- EXERCISE BRIEF:
Everything in the data below is left aside except the lines from the one containing "New 2027 Mineral" through the one containing "New 2026 Ford"; repeat those exactly.

- DATA FOR PROCESSING:

────────

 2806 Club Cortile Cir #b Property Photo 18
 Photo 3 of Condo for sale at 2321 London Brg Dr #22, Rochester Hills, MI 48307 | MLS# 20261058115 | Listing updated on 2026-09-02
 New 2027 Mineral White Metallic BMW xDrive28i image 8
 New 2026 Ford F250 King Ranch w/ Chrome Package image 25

────────

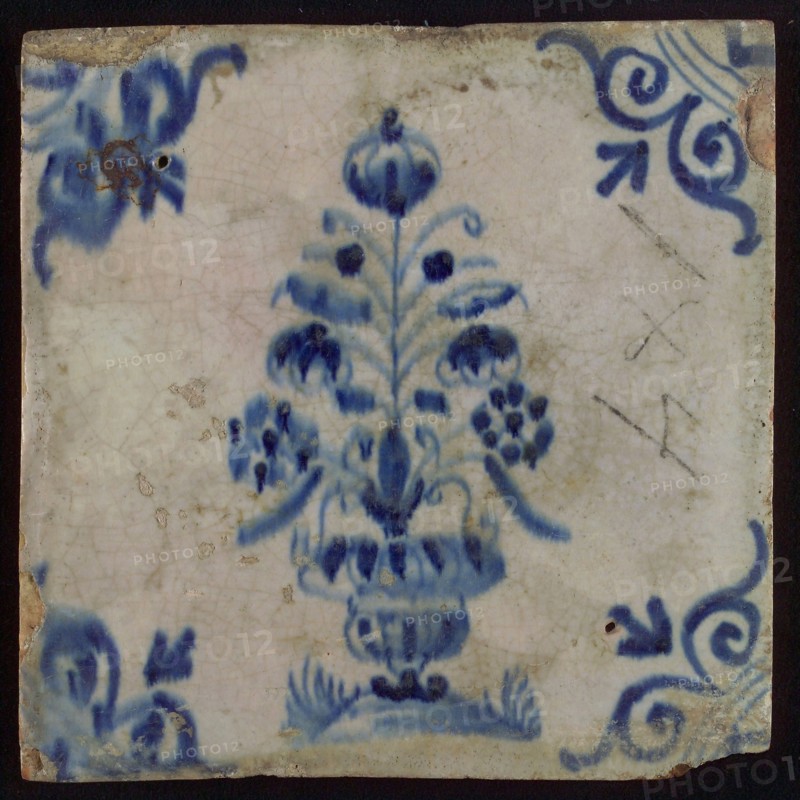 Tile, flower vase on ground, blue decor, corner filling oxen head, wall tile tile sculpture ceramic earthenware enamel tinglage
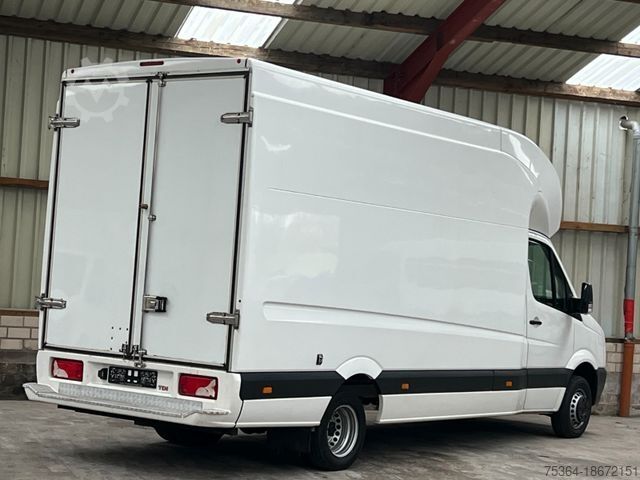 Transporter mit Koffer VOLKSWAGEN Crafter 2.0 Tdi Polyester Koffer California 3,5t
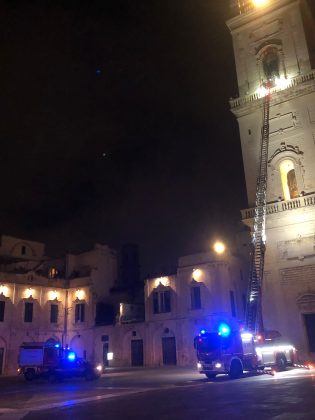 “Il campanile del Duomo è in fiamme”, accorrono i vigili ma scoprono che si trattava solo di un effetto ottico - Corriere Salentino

────────

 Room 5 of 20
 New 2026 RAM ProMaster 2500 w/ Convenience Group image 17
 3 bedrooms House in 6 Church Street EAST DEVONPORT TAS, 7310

────────

- WRITTEN RESPONSE:
 New 2027 Mineral White Metallic BMW xDrive28i image 8
 New 2026 Ford F250 King Ranch w/ Chrome Package image 25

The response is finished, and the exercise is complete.